**What is needed**
Restate all data exactly. No images.

═══ Dataset content ═══

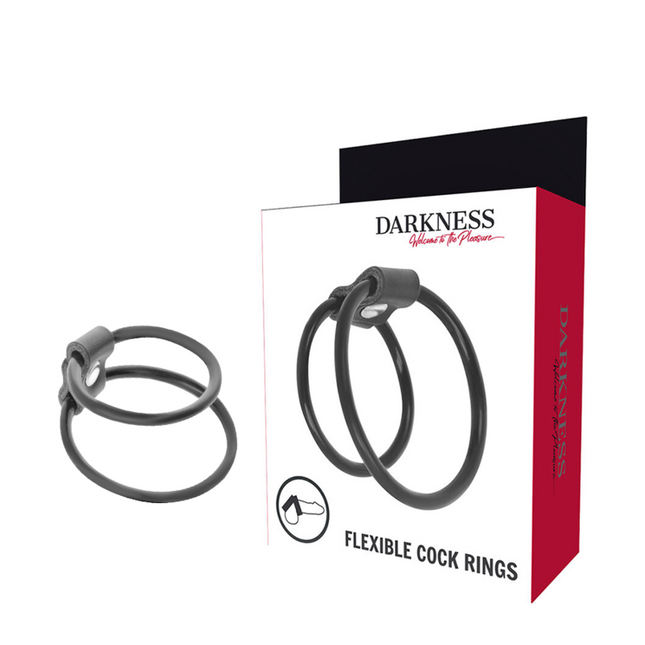 DARKNESS - AMÉLIORATION DES ANNEAUX PÉNIS DUO. by DARKNESS BONDAGE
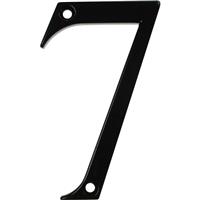 Fab and Fix Fab & Fix Hardex Door Numeral Matt 7 in Black Zinc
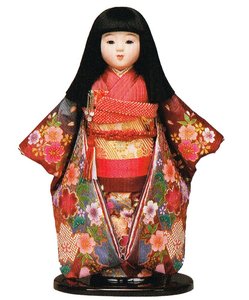 代购 人形玩偶 13号草木染金彩娃娃日本和服人偶传统玩偶工艺品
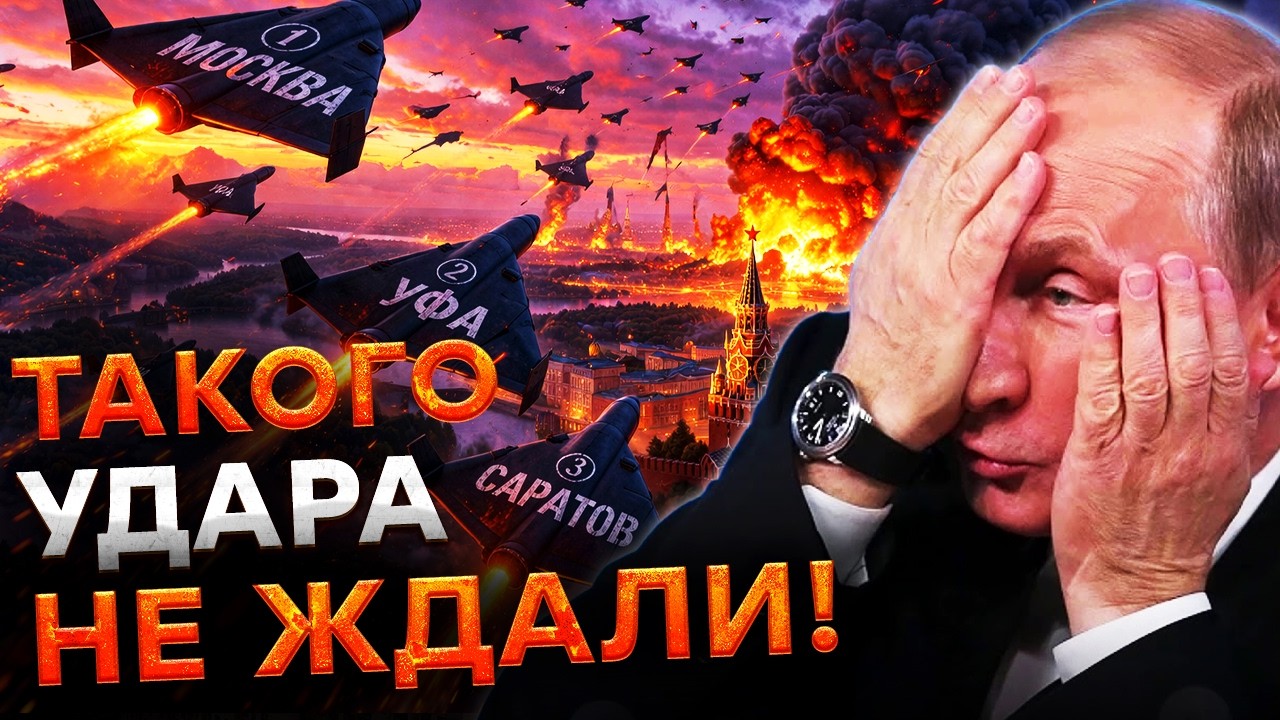 🔥 БОЛЬШАЯ ЗАЧИСТКА в КРЕМЛЕ! АДСКАЯ ночь в РФ: МОСКВА, УФА, САРАТОВ под УДАРО?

═══

**Task result**
 DARKNESS - AMÉLIORATION DES ANNEAUX PÉNIS DUO. by DARKNESS BONDAGE
 Fab and Fix Fab & Fix Hardex Door Numeral Matt 7 in Black Zinc
 代购 人形玩偶 13号草木染金彩娃娃日本和服人偶传统玩偶工艺品
 🔥 БОЛЬШАЯ ЗАЧИСТКА в КРЕМЛЕ! АДСКАЯ ночь в РФ: МОСКВА, УФА, САРАТОВ под УДАРО?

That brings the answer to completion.